Case statements evaluate to strings

mbac32768 picture mbac32768 · Feb 17, 2010 · Viewed 46.5k times · Source

I've caught the functional programming bug, so naturally nothing is good enough for me anymore. ;)

So, in bash one could write:

case $status in
  "foo") status="bar" ;;
  "baz") status="buh" ;;
   *) status=$status ;;
esac

but I'm afraid of typos, so I'd prefer to write:

status=case $status in
  "foo") "bar" ;;
  "baz") "buh" ;;
  *) $status ;;
esac

The second form is invalid since the case evaluates to the exit code of the last executed command, which is not at all what I'm looking for.

Are there easy hacks to achieving what I am looking for?

Answer

Laurence Gonsalves picture Laurence Gonsalves · Feb 17, 2010

If you're sure status will only be one line, you could do something like this with sed:

status=$(echo "$status" | sed -e 's:^foo$:bar:' -e 's:^baz$:buh:')

You may also be able to get something to work with bash's built-in substitution. This almost works (I don't know of any way to get exact matching only):

status=${status/foo/bar}
status=${status/baz/buh}

If your goal is just to be more "functional" (and not to make your code more typo-proof), you could do this:

status=$(
  case "$status" in
    ("foo") echo "bar" ;;
    ("baz") echo "buh" ;;
    (*) echo "$status" ;;
  esac)

Though honestly, bash is probably one of the worst languages to try and be functional in.
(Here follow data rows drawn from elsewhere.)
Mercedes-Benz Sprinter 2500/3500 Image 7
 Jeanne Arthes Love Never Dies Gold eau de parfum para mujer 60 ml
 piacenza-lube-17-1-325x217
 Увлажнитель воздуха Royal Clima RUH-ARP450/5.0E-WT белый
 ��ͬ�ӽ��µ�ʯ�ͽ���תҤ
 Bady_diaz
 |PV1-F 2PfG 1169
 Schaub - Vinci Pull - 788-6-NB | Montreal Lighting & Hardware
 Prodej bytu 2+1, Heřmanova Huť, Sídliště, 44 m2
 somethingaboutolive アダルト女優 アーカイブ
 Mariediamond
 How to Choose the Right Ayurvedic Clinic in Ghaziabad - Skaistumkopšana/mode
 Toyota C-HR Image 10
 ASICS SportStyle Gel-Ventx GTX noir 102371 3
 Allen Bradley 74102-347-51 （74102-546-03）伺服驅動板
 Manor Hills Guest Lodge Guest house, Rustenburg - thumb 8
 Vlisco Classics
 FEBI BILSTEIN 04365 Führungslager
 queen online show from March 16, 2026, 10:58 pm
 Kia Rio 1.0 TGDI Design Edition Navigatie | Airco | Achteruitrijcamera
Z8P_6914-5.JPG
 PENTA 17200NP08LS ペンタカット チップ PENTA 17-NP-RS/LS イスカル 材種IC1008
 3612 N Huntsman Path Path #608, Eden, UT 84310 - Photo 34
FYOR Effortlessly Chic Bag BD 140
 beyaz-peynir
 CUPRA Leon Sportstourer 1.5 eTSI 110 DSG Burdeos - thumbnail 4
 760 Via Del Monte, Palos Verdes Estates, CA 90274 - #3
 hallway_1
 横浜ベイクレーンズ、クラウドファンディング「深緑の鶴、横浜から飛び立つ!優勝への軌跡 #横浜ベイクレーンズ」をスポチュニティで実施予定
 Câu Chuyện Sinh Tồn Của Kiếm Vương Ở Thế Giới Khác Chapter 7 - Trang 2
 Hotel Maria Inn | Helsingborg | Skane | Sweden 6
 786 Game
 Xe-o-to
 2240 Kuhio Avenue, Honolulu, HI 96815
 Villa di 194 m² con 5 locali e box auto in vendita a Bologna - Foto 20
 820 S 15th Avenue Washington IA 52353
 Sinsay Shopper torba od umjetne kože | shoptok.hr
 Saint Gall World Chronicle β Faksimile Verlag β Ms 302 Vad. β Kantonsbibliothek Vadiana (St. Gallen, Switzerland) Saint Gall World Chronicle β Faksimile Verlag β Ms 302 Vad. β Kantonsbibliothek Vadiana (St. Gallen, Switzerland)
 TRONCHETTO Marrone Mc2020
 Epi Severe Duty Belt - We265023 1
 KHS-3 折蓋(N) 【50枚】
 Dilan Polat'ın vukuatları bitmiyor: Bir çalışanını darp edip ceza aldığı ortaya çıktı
It was really designed with a more imperative mindset, as illustrated by the fact that you can't easily compose expressions. See in the second code snippet how I had to break it into two separate statements? If bash were designed to be functional you'd be able to write something like this instead:

status=${{status/baz/buh}/foo/bar}

But that does not work.

I'd suggest only using bash for simpler scripts, and for more complicated stuff use something like Python or Ruby. They'll let you write more functional code without having to constantly wrestle with the language.